One feature of the refinancing out of which came the Coos Bay Lumber Company was a deed restriction written by the former owner prohibiting the sale of liquor on any of its property. The Coos Bay firm got around it by financing the construction of a bar on .land not included in the sales agreement. Coos Bay turned the bar over to a club of Bay Point citizens, requiring that all profits”. . . shall be used for the benefit of all the people of Bay Point.”

By 1917 Bay Point housed about one thousand people, and that year the biggest change in the town took place. The United States War Department awarded a contract to build ten 10,000ton freighters to the Pacific Coast Shipbuilding Company. The German Uboats were sinking so many Allied vessels carrying food and war materiel to Europe, replacements were needed even if they came from the Pacific Coast.

On January 6, 1918, the company broke ground for eight ship ways, a plate shop and auxiliary buildings. The Southern Pacific brought workers from Oakland and Berkeley, and the Oakland, Antioch and Eastern carried others from all along its Contra Costa line.

Additional employees meant a need for local housing. The shipyard founded the town of “Clyde,” reminiscent of the world’s greatest shipbuilding river of the same name in Scotland. The firm built 120 cottages, to provide some housing for its nearly forty-five hundred men. It hired noted architect Bernard Maybeck to design a hotel. When completed, the three-story structure had 176 rooms and a basement with a seventeen-lane bowling alley.

The largest freighter ever built on the Pacific Coast up to the time was launched as the Diablo. It slid down the ways on November 30, 1918, nineteen days after the war ended. The Pacific Coast Shipbuilding Company deserted the town, the Clyde Hotel closed its doors, and the Coos Bay Lumber Company moved to Oakland. But most of the residents, many of whom had opened businesses, stayed on. Others found employment in Concord or at the oil refineries at Avon and Martinez. Even a few new businesses came to town. One, the Bay Point Iron Works, employed men to cast iron, brass, bronze and aluminum. The local school employed six teachers. A newspaper, the Bay Point Breeze, was founded by Charles B. Hodgkins, and life went on tranquilly for most inhabitants, with only superficial problems. Yet the town changed its name in 1931 to “Port Chicago.”

The change to end all changes began in 1942. In June of that year the War Department established its naval ammunition depot and built its ship loading docks on Port Chicago’s waterfront. For two years of World War II, the facility shipped ammunition needed by the armed forces fighting the war in the Pacific.

Two ships, tied up on opposite sides of the loading dock to receive ammunition, exploded on the evening of July 17, 1944. In a blinding roar, between five and ten thousand tons of ammunition killed 369 sailors, vaporizing many. Almost all of them were black.
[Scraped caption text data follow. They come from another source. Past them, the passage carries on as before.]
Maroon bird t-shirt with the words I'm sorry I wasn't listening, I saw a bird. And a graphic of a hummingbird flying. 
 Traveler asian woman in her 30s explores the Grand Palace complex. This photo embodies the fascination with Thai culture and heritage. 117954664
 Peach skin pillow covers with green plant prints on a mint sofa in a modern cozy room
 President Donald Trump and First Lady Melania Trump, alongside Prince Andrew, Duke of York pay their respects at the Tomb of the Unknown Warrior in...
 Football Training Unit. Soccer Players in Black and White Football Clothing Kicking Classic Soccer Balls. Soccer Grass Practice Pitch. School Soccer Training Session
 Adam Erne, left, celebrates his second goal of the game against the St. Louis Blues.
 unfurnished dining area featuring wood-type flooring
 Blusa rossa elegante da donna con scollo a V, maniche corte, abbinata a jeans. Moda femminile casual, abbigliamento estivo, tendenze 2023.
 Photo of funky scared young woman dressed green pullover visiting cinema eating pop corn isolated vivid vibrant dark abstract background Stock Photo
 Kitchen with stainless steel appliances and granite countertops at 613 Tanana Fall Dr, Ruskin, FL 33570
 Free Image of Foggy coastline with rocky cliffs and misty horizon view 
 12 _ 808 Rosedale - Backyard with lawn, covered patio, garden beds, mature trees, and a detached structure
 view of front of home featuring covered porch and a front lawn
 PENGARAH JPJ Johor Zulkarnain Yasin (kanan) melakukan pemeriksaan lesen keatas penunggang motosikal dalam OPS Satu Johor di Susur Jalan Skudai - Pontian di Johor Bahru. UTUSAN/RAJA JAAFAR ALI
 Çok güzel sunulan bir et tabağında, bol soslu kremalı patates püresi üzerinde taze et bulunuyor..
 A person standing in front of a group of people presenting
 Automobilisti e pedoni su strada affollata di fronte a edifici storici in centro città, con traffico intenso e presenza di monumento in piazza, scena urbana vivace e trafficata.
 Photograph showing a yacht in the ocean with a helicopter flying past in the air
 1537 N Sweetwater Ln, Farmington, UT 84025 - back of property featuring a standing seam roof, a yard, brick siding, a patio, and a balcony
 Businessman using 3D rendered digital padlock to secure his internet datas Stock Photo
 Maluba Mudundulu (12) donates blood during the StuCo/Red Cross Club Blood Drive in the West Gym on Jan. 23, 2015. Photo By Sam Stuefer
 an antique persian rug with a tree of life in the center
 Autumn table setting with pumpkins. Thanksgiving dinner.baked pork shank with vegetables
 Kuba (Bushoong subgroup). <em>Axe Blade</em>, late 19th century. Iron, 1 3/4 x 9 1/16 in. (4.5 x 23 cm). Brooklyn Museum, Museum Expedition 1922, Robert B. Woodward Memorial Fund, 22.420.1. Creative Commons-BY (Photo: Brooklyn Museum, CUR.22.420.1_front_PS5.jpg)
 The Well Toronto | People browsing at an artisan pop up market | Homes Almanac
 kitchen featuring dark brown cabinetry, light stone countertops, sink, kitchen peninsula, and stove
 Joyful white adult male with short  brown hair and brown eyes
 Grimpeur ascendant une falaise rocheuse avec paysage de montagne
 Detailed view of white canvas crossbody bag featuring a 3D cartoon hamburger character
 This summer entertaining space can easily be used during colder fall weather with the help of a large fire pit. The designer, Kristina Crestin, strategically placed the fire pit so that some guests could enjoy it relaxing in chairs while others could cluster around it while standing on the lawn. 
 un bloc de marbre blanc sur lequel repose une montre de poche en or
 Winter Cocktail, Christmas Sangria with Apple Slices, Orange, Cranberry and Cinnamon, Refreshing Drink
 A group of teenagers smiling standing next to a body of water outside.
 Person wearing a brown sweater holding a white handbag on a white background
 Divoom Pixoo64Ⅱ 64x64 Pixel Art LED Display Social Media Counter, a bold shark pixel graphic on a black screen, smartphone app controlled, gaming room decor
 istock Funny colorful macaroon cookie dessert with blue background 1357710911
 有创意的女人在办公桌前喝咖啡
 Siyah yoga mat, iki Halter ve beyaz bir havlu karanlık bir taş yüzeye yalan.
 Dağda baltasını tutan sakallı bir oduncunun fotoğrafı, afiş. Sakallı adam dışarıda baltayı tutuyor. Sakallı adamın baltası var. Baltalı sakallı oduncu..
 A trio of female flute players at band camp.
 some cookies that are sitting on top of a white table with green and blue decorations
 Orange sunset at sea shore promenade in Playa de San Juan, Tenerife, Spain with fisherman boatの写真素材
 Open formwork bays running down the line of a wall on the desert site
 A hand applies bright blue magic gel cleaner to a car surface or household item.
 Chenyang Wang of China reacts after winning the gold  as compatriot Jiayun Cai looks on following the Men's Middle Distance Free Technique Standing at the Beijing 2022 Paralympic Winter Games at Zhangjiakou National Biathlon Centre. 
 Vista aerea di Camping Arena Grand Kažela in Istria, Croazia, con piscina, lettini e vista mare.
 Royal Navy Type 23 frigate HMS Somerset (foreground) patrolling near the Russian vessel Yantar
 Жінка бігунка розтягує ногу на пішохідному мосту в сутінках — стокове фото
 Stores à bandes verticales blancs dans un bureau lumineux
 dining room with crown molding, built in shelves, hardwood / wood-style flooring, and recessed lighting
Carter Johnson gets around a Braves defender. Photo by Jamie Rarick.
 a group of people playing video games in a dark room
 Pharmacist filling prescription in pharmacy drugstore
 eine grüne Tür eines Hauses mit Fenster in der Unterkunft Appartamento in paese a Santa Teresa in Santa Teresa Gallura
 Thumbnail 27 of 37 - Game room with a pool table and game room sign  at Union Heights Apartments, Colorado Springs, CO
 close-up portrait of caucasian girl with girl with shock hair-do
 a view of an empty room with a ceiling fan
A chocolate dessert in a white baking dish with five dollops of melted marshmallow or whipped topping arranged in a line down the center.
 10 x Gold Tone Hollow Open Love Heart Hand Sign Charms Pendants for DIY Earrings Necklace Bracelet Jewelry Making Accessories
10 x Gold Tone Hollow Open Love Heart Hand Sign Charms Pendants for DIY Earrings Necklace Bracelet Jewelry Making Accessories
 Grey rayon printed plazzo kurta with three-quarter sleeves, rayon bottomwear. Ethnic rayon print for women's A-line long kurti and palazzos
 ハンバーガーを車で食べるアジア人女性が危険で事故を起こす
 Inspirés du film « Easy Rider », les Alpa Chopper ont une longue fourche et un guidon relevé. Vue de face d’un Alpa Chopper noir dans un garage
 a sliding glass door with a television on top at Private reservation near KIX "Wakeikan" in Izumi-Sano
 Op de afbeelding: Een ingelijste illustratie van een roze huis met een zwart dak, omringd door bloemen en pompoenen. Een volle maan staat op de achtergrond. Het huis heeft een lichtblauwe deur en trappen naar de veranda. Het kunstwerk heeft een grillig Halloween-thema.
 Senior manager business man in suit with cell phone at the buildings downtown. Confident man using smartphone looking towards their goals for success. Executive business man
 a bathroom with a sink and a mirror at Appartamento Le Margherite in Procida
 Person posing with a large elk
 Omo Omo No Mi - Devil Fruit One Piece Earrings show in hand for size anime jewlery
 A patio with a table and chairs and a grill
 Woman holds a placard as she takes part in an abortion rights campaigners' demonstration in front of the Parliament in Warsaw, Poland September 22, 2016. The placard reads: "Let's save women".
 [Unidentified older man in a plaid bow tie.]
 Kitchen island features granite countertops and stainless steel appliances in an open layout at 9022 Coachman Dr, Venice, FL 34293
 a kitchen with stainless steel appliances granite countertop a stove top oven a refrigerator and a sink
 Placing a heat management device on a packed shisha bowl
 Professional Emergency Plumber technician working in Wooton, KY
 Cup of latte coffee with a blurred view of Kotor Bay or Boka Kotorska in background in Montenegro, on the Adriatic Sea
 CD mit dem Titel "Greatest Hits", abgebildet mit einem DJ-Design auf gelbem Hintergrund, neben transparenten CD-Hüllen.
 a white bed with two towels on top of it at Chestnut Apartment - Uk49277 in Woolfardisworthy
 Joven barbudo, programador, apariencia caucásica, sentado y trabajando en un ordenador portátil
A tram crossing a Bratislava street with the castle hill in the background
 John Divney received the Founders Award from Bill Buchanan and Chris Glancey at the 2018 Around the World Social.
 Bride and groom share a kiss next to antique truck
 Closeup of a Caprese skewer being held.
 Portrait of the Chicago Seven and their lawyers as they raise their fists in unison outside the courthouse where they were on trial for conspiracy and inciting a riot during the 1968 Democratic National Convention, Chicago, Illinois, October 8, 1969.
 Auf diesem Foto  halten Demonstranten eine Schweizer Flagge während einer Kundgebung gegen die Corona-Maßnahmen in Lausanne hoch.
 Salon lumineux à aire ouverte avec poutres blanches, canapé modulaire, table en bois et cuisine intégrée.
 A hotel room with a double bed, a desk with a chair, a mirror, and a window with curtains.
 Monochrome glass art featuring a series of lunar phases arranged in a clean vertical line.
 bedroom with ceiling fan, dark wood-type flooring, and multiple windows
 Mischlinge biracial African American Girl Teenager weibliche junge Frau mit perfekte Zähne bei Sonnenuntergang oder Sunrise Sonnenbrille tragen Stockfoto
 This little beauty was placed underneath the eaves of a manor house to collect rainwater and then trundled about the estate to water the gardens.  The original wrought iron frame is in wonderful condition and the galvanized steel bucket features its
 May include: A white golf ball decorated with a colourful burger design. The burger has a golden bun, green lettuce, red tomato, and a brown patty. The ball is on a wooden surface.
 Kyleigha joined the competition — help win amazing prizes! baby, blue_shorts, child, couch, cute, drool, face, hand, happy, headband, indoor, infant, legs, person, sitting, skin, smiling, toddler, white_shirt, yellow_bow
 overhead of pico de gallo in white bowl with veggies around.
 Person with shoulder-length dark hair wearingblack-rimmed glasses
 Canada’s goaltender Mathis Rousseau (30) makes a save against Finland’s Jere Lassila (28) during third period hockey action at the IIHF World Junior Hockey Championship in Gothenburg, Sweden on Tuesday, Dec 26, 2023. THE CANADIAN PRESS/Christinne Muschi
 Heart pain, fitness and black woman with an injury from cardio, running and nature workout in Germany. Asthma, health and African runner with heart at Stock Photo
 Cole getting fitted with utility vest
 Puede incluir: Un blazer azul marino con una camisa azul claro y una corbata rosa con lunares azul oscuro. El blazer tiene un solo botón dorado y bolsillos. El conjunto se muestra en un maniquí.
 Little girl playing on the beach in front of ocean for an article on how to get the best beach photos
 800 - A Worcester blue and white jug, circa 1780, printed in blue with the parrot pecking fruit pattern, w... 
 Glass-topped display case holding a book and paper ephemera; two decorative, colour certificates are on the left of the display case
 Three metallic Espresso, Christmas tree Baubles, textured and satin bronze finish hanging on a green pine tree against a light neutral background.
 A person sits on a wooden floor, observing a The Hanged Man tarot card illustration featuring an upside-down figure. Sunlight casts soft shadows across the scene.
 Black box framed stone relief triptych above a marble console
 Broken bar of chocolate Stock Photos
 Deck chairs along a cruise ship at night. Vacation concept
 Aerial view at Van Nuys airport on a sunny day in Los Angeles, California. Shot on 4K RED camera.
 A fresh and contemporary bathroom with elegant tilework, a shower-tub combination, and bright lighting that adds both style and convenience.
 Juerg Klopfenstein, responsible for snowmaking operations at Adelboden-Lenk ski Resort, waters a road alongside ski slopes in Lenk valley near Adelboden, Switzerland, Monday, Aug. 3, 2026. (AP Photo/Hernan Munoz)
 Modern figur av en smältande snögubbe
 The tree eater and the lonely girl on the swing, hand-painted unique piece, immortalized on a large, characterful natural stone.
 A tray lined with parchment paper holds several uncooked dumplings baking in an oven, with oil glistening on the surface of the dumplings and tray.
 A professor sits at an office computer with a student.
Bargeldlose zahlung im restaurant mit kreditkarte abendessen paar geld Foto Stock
One sailor jumped up and slid down the stairs on his stomach, got over a ten-foot fence topped with barbed wire, scrambled through all kinds of shattered glass in his bare feet, and suffered only a scratched fingernail.

Every seat was filled in the movie house a half mile away, and even though an outer wall buckled, nothing fell on the 192 people under the ceiling. A steward off one of the ships was having a drink at a tavern. The concussion broke his glass and blew him across the room. Nearby an eighteen-month-old infant boy slept in his crib as a fifty-pound piece of ship plate tore a hole through the roof of a house next door and ricocheted through his wall, cutting the legs off his little bed. When the parents, cut and bleeding, found their son, he was still sleeping on the mattress, which was resting on the floor.

Every building in Port Chicago was damaged; phone lines came down; power lines blazed; and gas escaped from open pipes. In Walnut Creek, twelve miles away, folding glass doors of a market blew off their hinges. Windows were blown out even in San Leandro. Three miles away a lookout on. a tanker going downstream was blown into the bay.

At the time of the blast Port Chicago contained 660 homes, three hotels, a movie house, and a shopping district.

In spite of all the trauma the residents suffered, few moved away. They rebuilt and went on with their lives, collecting an average of $1,300 each for damage to 300 homes in the town. Twenty years later, when the navy wanted to buy them out, Port Chicago residents resisted with every tool at their disposal. Between 1966 and 1968 the United States government bought 5,000 acres, first some as a buffer zone between the docks and the ammunition depot, and eventually the town itself.

In 1969 the government evicted the last owner and demolished the town.